Single by Jody Reynolds
- B-side: "Tight Capris"
- Released: March 1958
- Recorded: 1957
- Genre: Pop, rockabilly
- Label: Demon FF-1507
- Songwriters: Jody Reynolds, Dolores Nance

= Endless Sleep =

"Endless Sleep" is a "teenage tragedy" pop song written and originally recorded by rockabilly singer Jody Reynolds in 1957.

==Background==
Reynolds wrote the song in 1956, after listening to Elvis Presley's "Heartbreak Hotel", and first performed it soon afterwards at a performance in Yuma, Arizona. The song told the story of a teenager whose girlfriend had gone missing after a row: The night was black, rain fallin' down
Looked for my baby, she's nowhere around
Traced her footsteps down to the shore
Afraid she's gone for ever more
Although record companies initially rejected the song as too depressing, Reynolds eventually had a demo accepted by Demon Records in Los Angeles, who agreed that Reynolds record it provided that he changed the song's ending so that the protagonist saved the girl from drowning.I looked at the sea and it seemed to say
“You took your baby from me away"
My heart cried out “She's mine to keep"
I saved my baby from an endless sleep.

The song was recorded with echo-drenched vocals, and with Al Casey and Howard Roberts on guitars.

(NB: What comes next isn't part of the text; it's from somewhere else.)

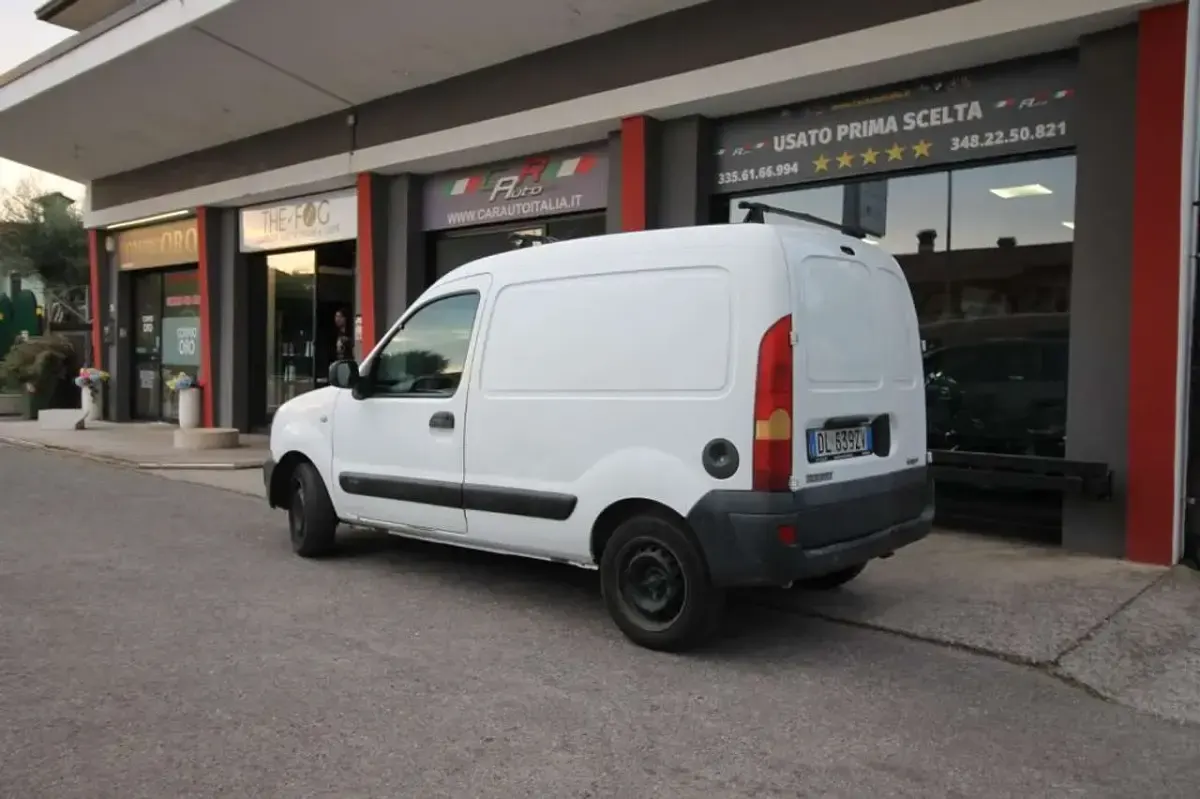 Usata Renault Kangoo 61 CV (44 kW) 2007 Bianco Monovolume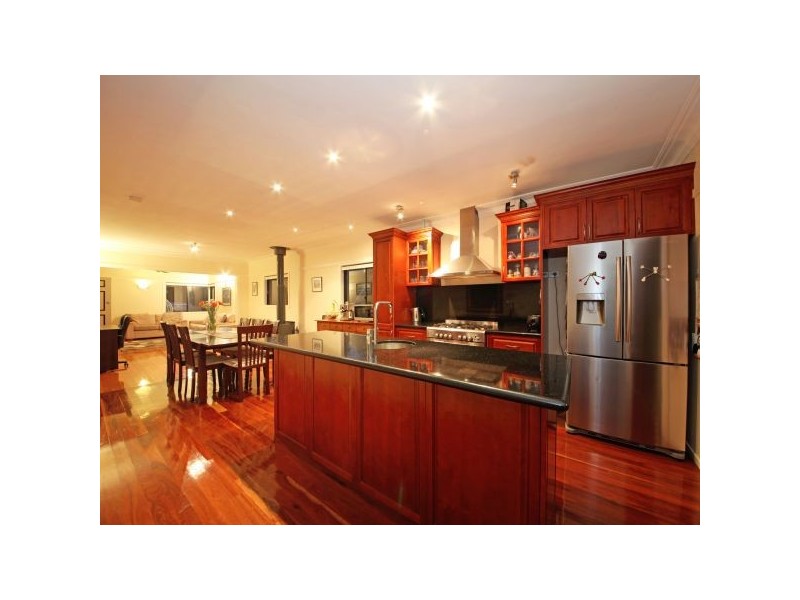 9 Creton Street, Brighton QLD 4017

The record label credited the songwriting to Reynolds and the fictitious "Dolores Nance", in order to make it appear to have been written by a 'professional' songwriting team.

==Chart performance==
Reynolds' recording reached the number 5 position on the U.S. Billboard Hot 100 chart on July 7, 1958, sold over one million copies, and inspired a trend of "teen tragedy" songs. The song was reissued in 1979 reaching number 66 on the UK singles chart. Reynolds' recording also went to number 5 on the Most Played R&B By Jockeys chart.
A re-recorded version by Reynolds appears the 1984 Rhino compilation LP Teenage Tragedies.

==Other versions==
- British act Marty Wilde and His Wildcats covered the song in 1958 and reached #4 on the UK singles chart, becoming their first chart hit.
- Hank Williams, Jr. covered the song in 1964, an early-career release that was his third charting single. It peaked at #46 on the Country chart and #90 on the Billboard Hot 100 chart.
- Marc Bolan performed a glam version on his short-lived eponymous show Marc in 1977 and recorded it as a b-side to ″Sing Me A Song″ in 1981.
- Danny Kortchmar performed the song in duet with Linda Ronstadt for his 1980 album Innuendo.
- American country music duo The Judds recorded a cover in 1984, which was released on their first album, Why Not Me in 1984. It was not released as a single.
- In 1990, English punk/rocker Billy Idol recorded a cover that was true to Reynolds's rockabilly original. It was released on his Platinum record, Charmed Life.